(Short text fragments from websites)

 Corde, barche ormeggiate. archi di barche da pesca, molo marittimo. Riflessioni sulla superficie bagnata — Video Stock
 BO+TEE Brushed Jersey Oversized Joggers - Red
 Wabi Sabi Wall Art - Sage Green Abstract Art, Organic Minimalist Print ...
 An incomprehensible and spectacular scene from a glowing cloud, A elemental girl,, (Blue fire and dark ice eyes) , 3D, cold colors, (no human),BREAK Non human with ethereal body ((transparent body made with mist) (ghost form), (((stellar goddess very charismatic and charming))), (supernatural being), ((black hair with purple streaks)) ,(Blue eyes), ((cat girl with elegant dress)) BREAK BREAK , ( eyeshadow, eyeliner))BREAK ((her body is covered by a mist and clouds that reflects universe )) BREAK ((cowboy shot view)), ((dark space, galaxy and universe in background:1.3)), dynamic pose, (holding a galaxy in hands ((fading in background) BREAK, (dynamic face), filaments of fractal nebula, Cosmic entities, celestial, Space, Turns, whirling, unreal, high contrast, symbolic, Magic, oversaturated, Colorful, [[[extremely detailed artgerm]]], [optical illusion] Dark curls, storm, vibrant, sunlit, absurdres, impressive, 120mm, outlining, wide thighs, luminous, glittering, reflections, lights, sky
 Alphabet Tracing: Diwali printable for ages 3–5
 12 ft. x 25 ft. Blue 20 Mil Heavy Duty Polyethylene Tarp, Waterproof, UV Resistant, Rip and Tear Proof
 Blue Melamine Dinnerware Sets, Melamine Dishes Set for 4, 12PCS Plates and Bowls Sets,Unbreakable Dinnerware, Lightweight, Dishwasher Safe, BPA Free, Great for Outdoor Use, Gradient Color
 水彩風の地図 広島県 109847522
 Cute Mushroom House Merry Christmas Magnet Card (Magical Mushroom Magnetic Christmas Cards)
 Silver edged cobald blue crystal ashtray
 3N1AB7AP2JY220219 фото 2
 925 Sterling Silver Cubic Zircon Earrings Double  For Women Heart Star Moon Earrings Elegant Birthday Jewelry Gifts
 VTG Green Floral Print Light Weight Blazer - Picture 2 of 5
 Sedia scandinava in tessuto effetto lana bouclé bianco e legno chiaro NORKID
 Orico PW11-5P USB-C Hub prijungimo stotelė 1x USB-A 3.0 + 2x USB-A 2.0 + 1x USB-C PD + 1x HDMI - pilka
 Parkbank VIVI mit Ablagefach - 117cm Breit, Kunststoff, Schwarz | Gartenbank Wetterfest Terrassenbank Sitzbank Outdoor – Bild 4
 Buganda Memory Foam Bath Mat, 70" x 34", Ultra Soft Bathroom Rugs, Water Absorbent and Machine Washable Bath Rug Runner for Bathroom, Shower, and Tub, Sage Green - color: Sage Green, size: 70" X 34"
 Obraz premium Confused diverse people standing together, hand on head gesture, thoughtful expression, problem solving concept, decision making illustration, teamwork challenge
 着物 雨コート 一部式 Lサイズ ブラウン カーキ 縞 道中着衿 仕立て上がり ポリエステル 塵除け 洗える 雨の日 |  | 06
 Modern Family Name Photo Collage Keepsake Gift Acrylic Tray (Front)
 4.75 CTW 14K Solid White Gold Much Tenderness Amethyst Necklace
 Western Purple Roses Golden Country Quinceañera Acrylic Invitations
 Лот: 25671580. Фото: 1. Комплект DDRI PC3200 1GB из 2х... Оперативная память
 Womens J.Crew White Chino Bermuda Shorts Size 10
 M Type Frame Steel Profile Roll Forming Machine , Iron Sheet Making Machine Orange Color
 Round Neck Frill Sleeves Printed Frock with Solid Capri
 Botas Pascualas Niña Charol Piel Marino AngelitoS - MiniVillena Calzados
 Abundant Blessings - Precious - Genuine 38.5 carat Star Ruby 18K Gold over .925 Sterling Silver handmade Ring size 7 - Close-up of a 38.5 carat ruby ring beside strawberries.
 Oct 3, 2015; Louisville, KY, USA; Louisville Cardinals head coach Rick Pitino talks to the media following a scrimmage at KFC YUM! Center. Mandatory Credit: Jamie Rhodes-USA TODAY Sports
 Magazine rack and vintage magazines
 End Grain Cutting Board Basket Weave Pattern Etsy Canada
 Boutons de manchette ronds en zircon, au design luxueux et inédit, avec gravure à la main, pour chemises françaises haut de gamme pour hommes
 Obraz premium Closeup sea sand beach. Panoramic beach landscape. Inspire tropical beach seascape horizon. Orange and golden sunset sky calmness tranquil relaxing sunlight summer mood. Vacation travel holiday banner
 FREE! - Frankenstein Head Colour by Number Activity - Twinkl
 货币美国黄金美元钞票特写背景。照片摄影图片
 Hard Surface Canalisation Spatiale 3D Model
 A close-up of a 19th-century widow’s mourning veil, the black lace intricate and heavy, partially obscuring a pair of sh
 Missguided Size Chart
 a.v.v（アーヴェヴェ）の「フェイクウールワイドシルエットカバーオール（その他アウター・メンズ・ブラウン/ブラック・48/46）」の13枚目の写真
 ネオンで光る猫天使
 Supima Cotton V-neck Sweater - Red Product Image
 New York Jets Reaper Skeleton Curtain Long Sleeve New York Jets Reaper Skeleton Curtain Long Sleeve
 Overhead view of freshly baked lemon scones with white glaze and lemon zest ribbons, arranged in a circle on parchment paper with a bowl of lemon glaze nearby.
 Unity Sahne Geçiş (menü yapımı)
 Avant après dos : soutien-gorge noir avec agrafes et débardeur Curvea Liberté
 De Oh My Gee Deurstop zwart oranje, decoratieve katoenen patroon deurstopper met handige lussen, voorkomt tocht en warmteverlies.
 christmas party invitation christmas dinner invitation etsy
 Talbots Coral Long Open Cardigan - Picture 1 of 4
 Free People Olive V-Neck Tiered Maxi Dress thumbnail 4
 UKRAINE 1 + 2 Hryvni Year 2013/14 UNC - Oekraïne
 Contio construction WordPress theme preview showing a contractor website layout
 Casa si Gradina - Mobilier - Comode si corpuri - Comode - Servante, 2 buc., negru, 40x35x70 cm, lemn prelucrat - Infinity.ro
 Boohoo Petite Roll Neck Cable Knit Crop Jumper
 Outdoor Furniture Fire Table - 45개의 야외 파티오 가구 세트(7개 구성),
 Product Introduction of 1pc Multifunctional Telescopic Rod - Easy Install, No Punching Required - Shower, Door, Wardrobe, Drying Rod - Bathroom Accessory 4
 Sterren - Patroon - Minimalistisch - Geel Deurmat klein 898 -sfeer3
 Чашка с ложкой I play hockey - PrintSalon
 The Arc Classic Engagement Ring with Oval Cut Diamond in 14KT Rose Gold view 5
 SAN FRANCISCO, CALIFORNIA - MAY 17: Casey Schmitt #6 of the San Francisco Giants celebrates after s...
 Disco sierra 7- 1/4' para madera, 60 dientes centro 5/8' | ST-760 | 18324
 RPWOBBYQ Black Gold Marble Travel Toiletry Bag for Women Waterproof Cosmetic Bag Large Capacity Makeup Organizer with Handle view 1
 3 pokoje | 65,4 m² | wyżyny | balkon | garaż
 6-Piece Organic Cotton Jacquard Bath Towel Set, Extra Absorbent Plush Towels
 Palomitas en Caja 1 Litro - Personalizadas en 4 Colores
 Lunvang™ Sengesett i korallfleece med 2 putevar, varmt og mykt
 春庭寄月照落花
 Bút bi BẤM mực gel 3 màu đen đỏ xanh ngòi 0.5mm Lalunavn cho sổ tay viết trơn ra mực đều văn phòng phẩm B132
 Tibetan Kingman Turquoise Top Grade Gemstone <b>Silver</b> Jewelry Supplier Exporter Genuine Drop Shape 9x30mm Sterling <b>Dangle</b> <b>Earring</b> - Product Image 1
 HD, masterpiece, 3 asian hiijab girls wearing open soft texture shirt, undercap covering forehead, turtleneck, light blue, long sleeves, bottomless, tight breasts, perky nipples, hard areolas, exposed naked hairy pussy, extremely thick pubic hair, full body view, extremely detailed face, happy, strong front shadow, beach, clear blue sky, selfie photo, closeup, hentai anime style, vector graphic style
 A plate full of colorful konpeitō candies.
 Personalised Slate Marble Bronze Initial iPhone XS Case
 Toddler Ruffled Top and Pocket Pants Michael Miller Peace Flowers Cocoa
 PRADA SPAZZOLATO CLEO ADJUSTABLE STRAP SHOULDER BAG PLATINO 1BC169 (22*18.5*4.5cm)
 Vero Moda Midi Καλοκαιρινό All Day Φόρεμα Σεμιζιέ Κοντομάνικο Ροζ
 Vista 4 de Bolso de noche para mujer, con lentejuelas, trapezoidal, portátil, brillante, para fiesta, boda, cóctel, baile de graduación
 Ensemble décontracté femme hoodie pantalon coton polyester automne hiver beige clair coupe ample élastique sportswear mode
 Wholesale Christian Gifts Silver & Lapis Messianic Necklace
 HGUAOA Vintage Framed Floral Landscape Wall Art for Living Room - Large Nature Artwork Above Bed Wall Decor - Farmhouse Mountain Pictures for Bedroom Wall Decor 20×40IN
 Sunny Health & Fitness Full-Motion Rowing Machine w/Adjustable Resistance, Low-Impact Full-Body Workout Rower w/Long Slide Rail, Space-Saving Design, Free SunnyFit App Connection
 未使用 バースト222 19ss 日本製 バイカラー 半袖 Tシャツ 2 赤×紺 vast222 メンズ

= Exercise aim =
Nothing but the lines from the top of the entries above through the line with "Wabi Sabi Wall" should be set down, each exactly as written.

= Answer space =
 Corde, barche ormeggiate. archi di barche da pesca, molo marittimo. Riflessioni sulla superficie bagnata — Video Stock
 BO+TEE Brushed Jersey Oversized Joggers - Red
 Wabi Sabi Wall Art - Sage Green Abstract Art, Organic Minimalist Print ...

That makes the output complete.